(Supplied material begins)
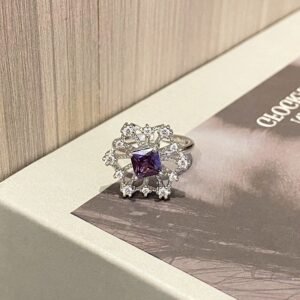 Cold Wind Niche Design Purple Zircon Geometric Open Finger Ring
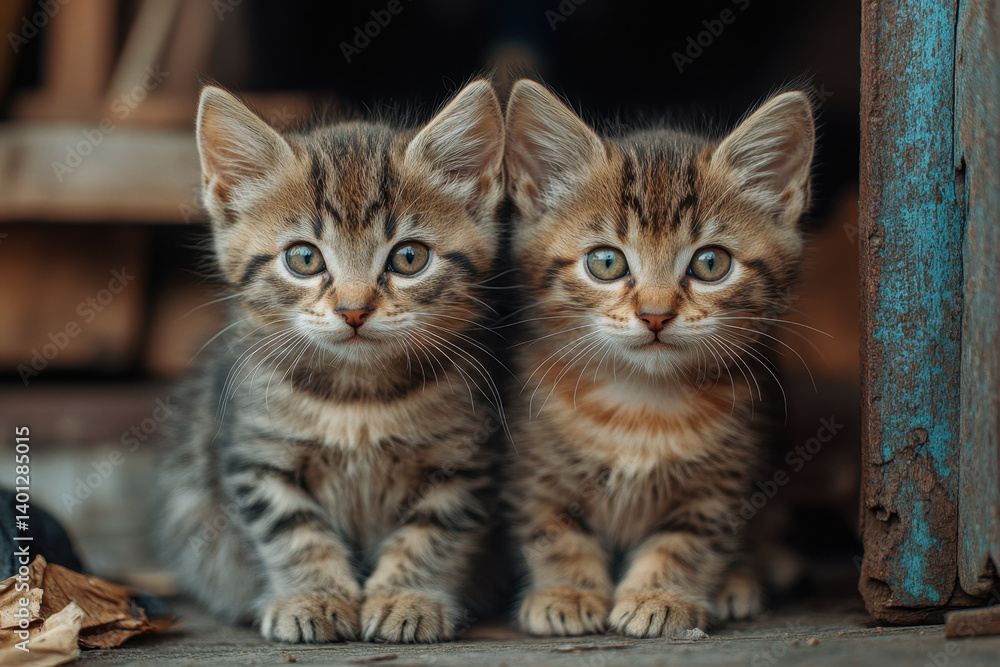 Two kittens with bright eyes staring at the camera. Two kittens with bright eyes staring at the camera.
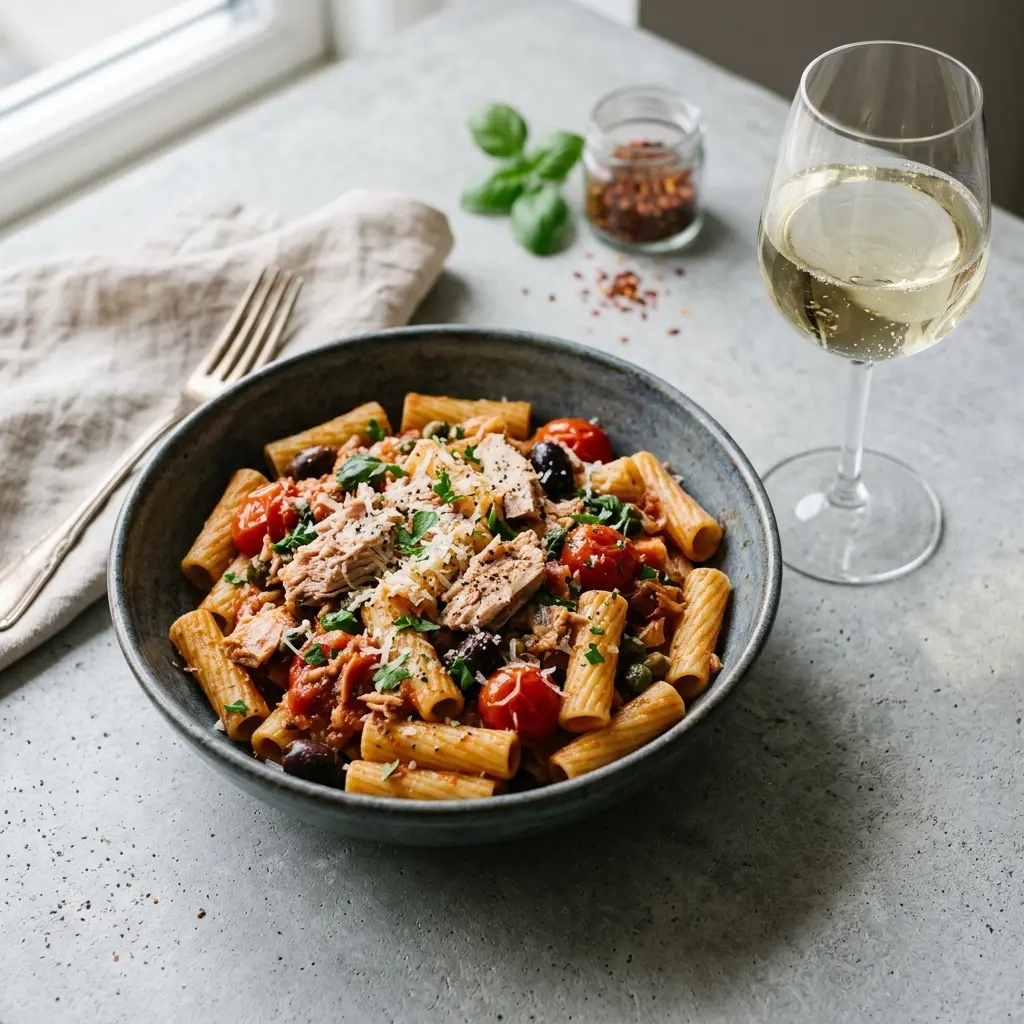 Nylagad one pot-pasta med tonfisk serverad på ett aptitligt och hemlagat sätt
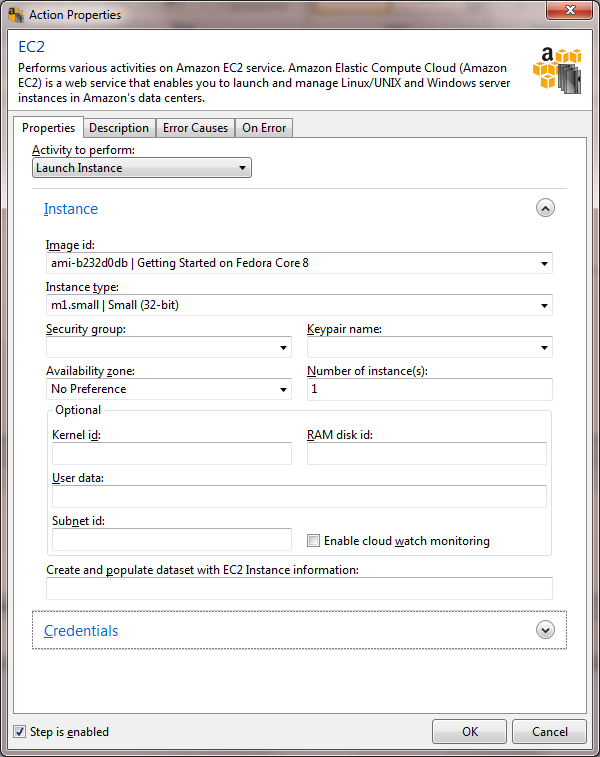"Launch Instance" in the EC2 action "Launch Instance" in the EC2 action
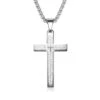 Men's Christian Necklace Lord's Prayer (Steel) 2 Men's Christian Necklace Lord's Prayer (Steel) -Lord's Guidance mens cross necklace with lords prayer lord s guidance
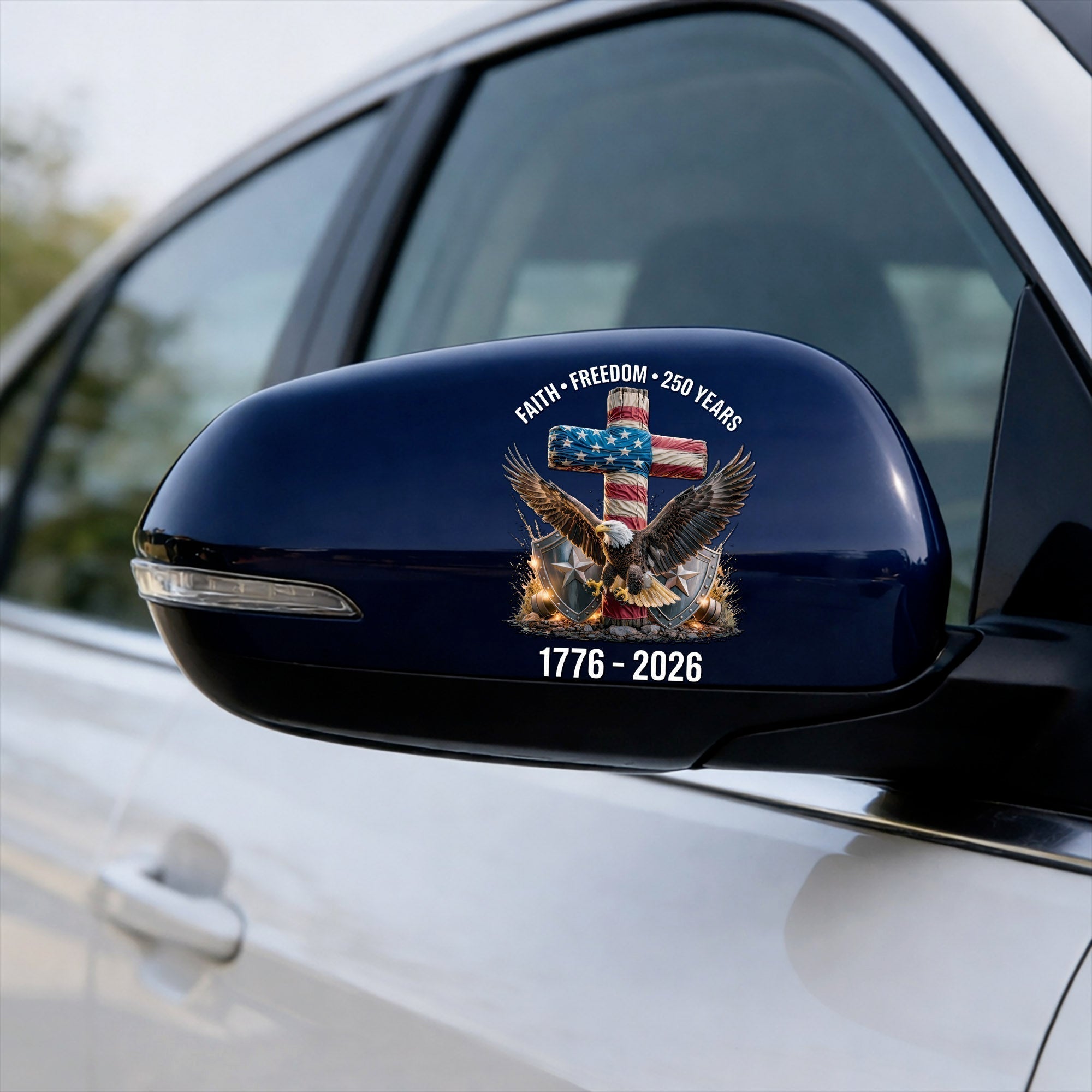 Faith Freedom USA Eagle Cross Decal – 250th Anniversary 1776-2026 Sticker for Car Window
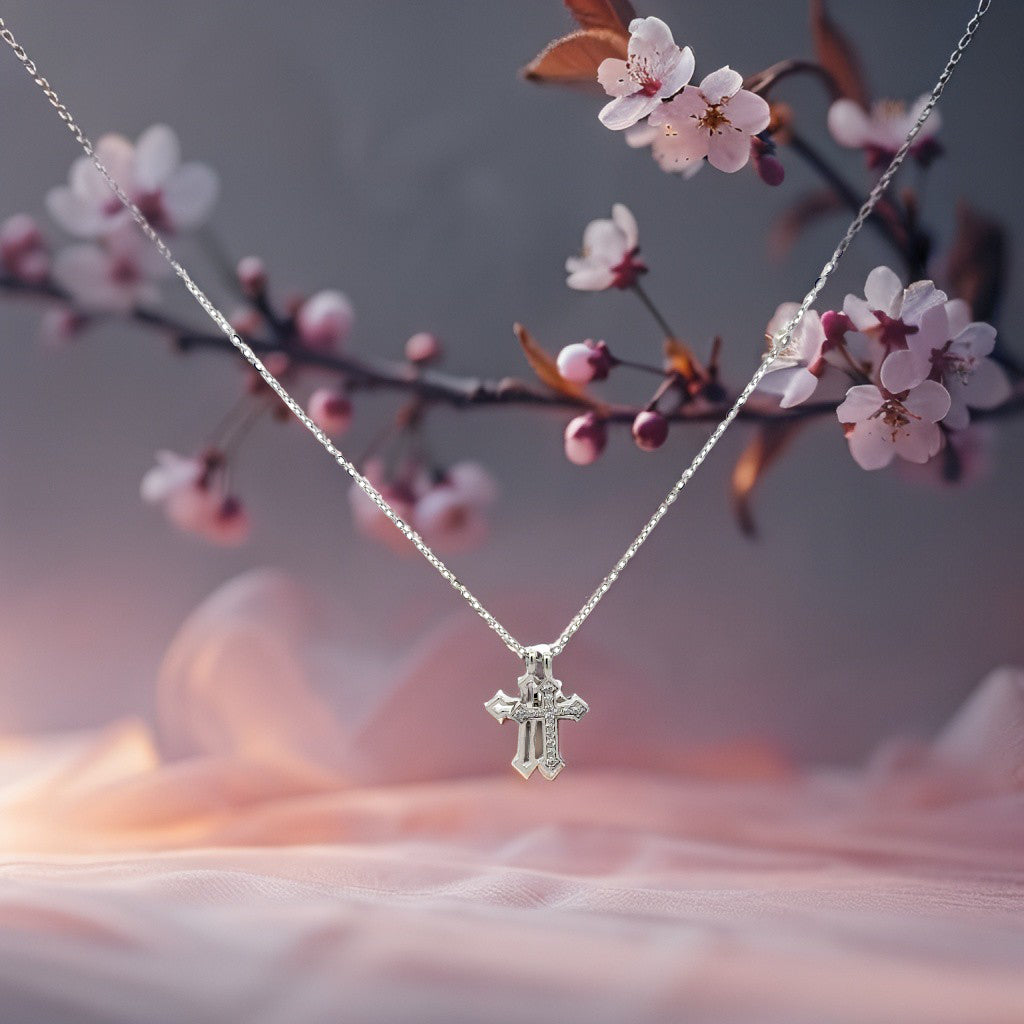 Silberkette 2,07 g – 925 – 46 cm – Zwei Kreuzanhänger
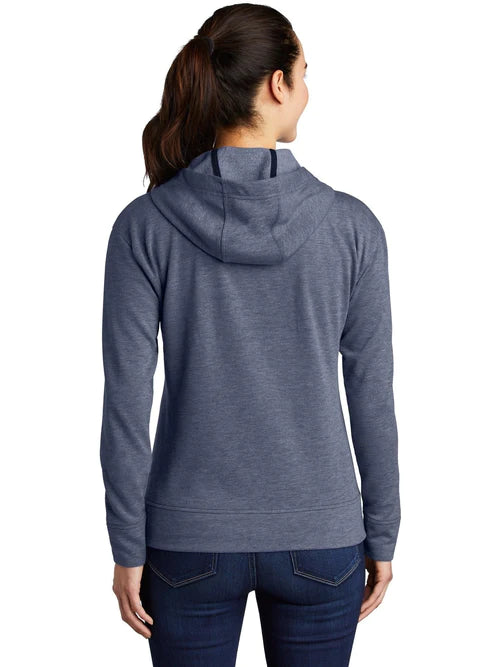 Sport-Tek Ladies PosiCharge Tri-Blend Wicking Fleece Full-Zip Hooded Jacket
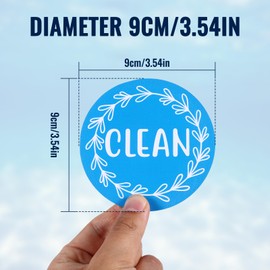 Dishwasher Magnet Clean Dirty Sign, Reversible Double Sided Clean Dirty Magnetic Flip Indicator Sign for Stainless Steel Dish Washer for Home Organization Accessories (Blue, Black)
(Supplied material ends)
### [Assignment]
Lines before the one containing "Men's Christian Necklace Lord's Prayer (Steel) 2" are not wanted; repeat that line and the rest of the listing exactly, leaving out pictures.

### [Response to this exercise]
 Men's Christian Necklace Lord's Prayer (Steel) 2 Men's Christian Necklace Lord's Prayer (Steel) -Lord's Guidance mens cross necklace with lords prayer lord s guidance
 Faith Freedom USA Eagle Cross Decal – 250th Anniversary 1776-2026 Sticker for Car Window
 Silberkette 2,07 g – 925 – 46 cm – Zwei Kreuzanhänger
 Sport-Tek Ladies PosiCharge Tri-Blend Wicking Fleece Full-Zip Hooded Jacket
 Dishwasher Magnet Clean Dirty Sign, Reversible Double Sided Clean Dirty Magnetic Flip Indicator Sign for Stainless Steel Dish Washer for Home Organization Accessories (Blue, Black)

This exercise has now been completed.